*随所にネタバレがありますのでご注意ください。
私的2000年度ベストテン<邦画>
次点 ホワイトアウト
私的2000年度ベストテン<洋画>
次点 あの子を探して
さすらいのメディアジャンキーYADA、本日のおやつは何と「狗神」「弟切草」の二本立。すごい博打だが、毎月第一水曜日の俺に怖い物などない(映画サービスデーだから)。
結論からいうと別にっていう感じだったが、意外にも俺を救ったのは弟切草の方であった。
狗神はホラーでも何でもなく、何とも邦画臭い因習もの。「湯殿山麓呪い村」かよ!とつっこみ、「KAMIKAZE TAXY」「バウンスkoギャルズ」「金融腐蝕列島・呪縛」と絶好調の原田真人も結局やりたかったのはこれかとかなり不機嫌。

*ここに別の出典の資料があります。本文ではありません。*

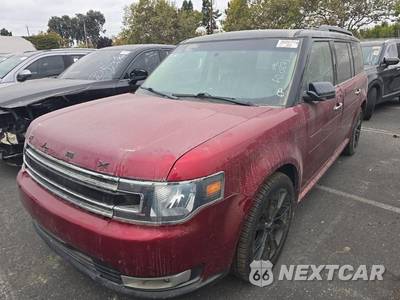 2019 Ford Flex SEL
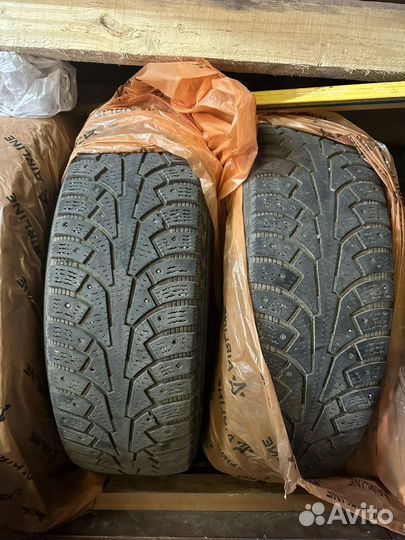 Nokian Tyres Hakkapeliitta 7 SUV 225/65 R17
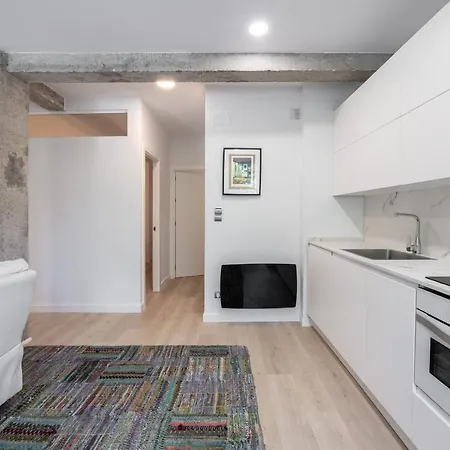 Appartement Aldapa By People Saint-Sébastien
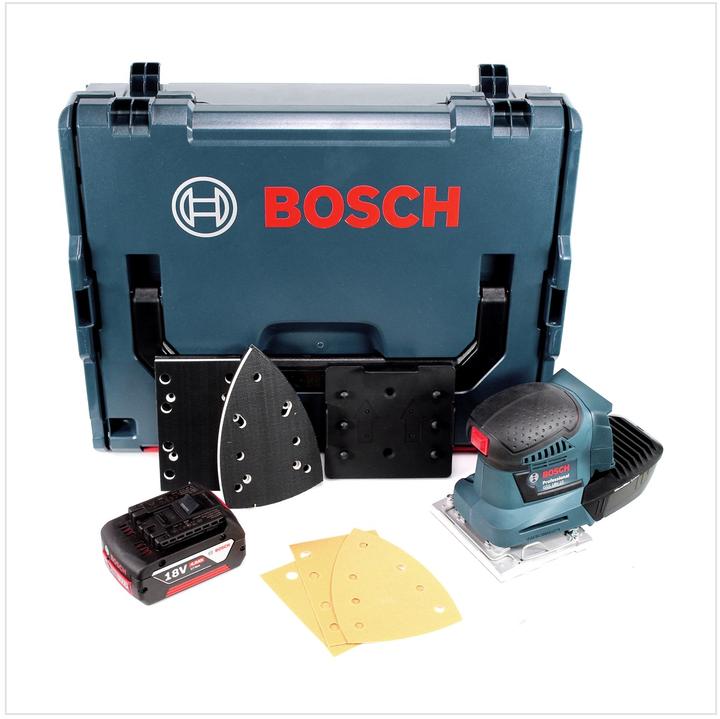 Actual product image Bosch Professional GSS 18V-10 (Sander)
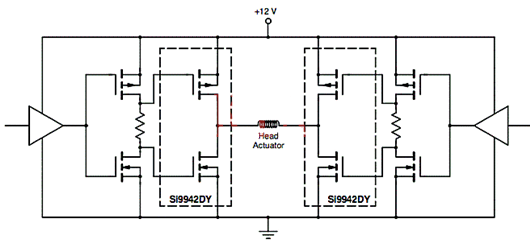 MOSFET 驅(qū)動電感性負載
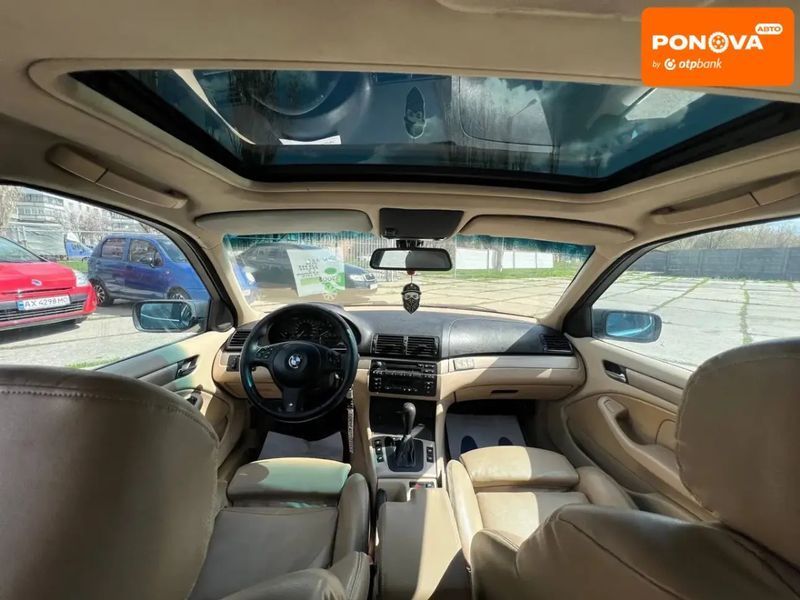 BMW 3 Series, 1999 г., Бензин, 289 тыс. км, Седан, Зеленый, Харьков AT-10413495 фото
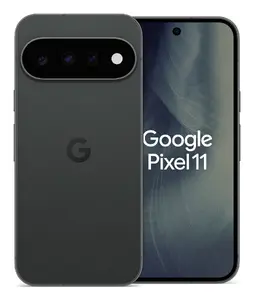 Smartphone Google Pixel 11 5G Dual SIM Android 17 12 GB RAM 256 GB Storage Black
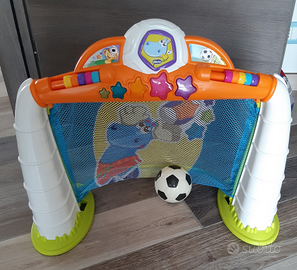 Chicco gioco porta calcio Fit & Fun 2/5 anni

対して弟切草もまあ、和製ホラーだからなんか気持ち悪い怨念みたいなのは出てくるとはいえ、知らない監督の、とにかく映像だけはという青臭い心根に1000円あげてもいいかなと。
しかし最近はホラー多すぎで全然フォローできない。あの中に宝が潜んでいるのではないか?「学校の怪談」シリーズ、「富江」あたりが気になる…サイコ・サスペンスだけど「39」とか。そう富江といえば近ごろ菅野美穂はすごい!「2001年のおとこ運」の彼女は天才としかいいようがない。もっと観てほしいのだが…ああ脱線した。だめ男の旅は続く。
ロシアの大河ドラマ「シベリアの理髪師」はとてもよかったけど、キネマ旬報のベストを確認したら29位だった。
巨匠ニキータ・ミハルコフ作品とはいえ、これだけ起承転結のはっきりした話だと、逆に評価されないらしい。しかしこのスケール感と風格、そして分かりやすさはまさに陳凱歌の「覇王別姫」に近いもんがあるんじゃないですか! え!?
まあ、革命やらえん罪やら結ばれない二人やら絵に描いたようなドラマ展開、ちっとも深い意味のない題名など、映画マニアにシカトされる要素も満載なんだが、ミハルコフは黒澤みたいに迷いがなく、素直な視線で観ればはっきりいってものすごく面白い。こういうのが嫌いなひとって、いかがなもの!?
やでぃー
おわび 今回はマニアックにしか語れず反省。
飯田橋ギンレイホールの路線転換、新文芸坐の設立などのおかげで急増した邦画の再映。
特に後者は都内トップクラスの映画館であるからはっきり言って封切を見送った方が断然お得。デフレの極み! 映画界のダイソーアオヤマもとい、ユニクロといえる。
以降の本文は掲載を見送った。